Por José Watanabe
Este es un artículo publicado en la página Discover Nikkei, un proyecto realizado a través de la Fundación San Marcos, que consiste en la producción de artículos y álbumes, basados en la reflexión e investigación sobre temas relacionados con los inmigrantes japoneses y sus descendientes en el Perú.
Hace años mantengo con algunos amigos una chacota alrededor de mi supuesta incondicionalidad frente a lo japonés. Ellos fingen responsabilizarme por las fallas de sus aparatos de fabricación japonesa y yo simulo asumir esa responsabilidad. Sin embargo también me compensan: ¡Recibo las más gratuitas felicitaciones por las películas de Kurosawa! Pero al margen de esta anécdota, hay quienes suponen que los niseis efectivamente vivimos una dualidad cultural.
Es indudable que nuestra nacionalidad tiene algunos elementos peculiares en la medida que su formación ha sido influida por la cultura paterna (me refiero a ese conjunto espontáneo de maneras de ver y obrar de que hablaba Gramsci). Pero, muchas veces se olvida que la cultura de nuestros padres no permaneció intacta sino que recibió las influencias del medio y de la clase a la cual se incorporaron. Con los años nuestros padres llegaron a ser, por decirlo de algún modo, mestizos culturales. Yo vi este proceso en la hacienda Laredo. Trato de recordarlo en las notas que siguen.
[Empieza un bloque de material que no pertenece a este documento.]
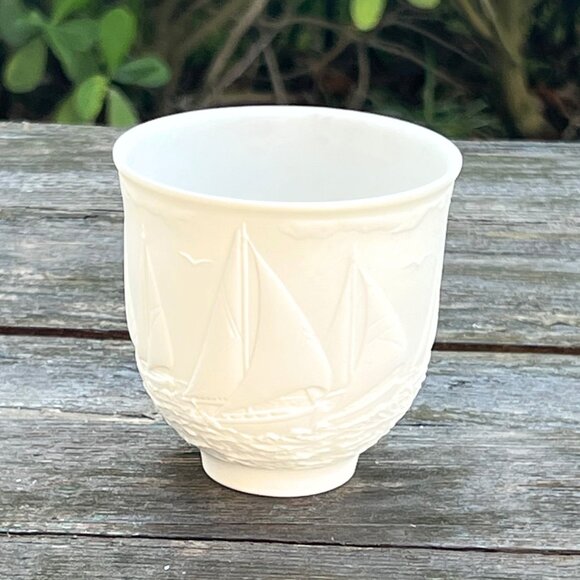 Lladro Sailing The Seas Votive Cup Candle Holder #17657 Collectors Society BOX - Picture 1 of 9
Laredo era una puerta abierta hacia la Sierra. Allí se daban el encuentro los vendedores que bajaban con ganado y panllevar1 y los comerciantes intermediarios que venían de Trujillo. Después de las transacciones se almorzaba en las fondas de doña Santos Sato, de Nakamura, de Nakamine o en la chichería de Pancho Tamakawa. Ellos personalmente preparaban los platos regionales como si desde siempre hubieran conocido esta sazón.